Se seus projetos de arquitetura não ficaram na história, suas obras literárias o colocam entre os principais escritores brasileiros contemporâneos, editado em onze países. E, se lhe falta um Pritzker, sobram-lhe Jabutis: seus três livros levaram o prêmio máximo da literatura brasileira como melhor romance em 1990, com Relato de um certo Oriente , em 2001 com Dois irmãos e em 2006 com Cinzas do Norte.
Nos três, Manaus figura como mais uma personagem, retratada por suas ruas, sua arquitetura, suas transformações e pelas pessoas que a habitam. Hatoum recebeu a reportagem de AU para uma conversa que abordou desde a FAU dos anos 70, as experiências com arquitetura, as transformações de Manaus, até algumas teorizações que tentam aproximar o fazer arquitetônico e o fazer literário.
aU POR QUE ARQUITETURA?
MILTON HATOUM Um tio engenheiro-arquiteto talvez tenha me influenciado. Ouvia falar desse tio que veio de Manaus e ficou em São Paulo. Eu também desenhava em Manaus – além de ter uma banda e de pintar. Como achava que não podia viver nem da arte, muito menos da palavra, acreditei que a arquitetura poderia conciliar a arte com a técnica. Uma definição, aliás, que vem de Vitruvius: várias ciências que confluem para um ornamento, para uma beleza. Fui a Brasília para estudar o equivalente ao ensino médio no colégio de aplicação, da Universidade de Brasília. Era um colégio extraordinário, como depois foi a FAUUSP. Vejo muita semelhança entre o colégio de aplicação em Brasília e a FAU, pois eram laboratórios de experimentação, de arte, de literatura, fotografia e até mesmo de música. Existia por trás do projeto didático uma formação humanística que desapareceu das escolas.

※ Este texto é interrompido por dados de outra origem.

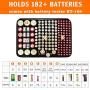 Fireproof Battery Organizer Storage Box Fireproof Waterproof Explosionproof Safe Carrying Case Bag Hard Holder, Holds 200+ Batteries AA AAA C D 9V, with Battery Tester BT-168 (Not Includes Batteries)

aU COMO FOI ESTUDAR NA FAU NOS ANOS 70?
HATOUM A FAU me abriu possibilidades de linguagens, fui aluno do Flavio Mota, do Flavio Império, do Luis Carlos Daia, da Renina Katz, do Joaquim Guedes, do Rodrigo Lefreve, de arquitetos que pensavam a cidade e a ocupação urbana politicamente. Não era apenas uma orientação estética, passava pela leitura social. Nossa maior preocupação estava voltada à habitação popular, pelo menos a de um grupo considerável de alunos. Além disso, havia os laboratórios fotográficos, o teatro, criamos uma revista de poesia e desenho, chamada Poetação. Éramos eu, Tânia Parma, Newton Massafumi, Rubens Matuque e a Roseli Nakagawa. Foi uma revista que teve quatro ou cinco números e foi impressa na FAU.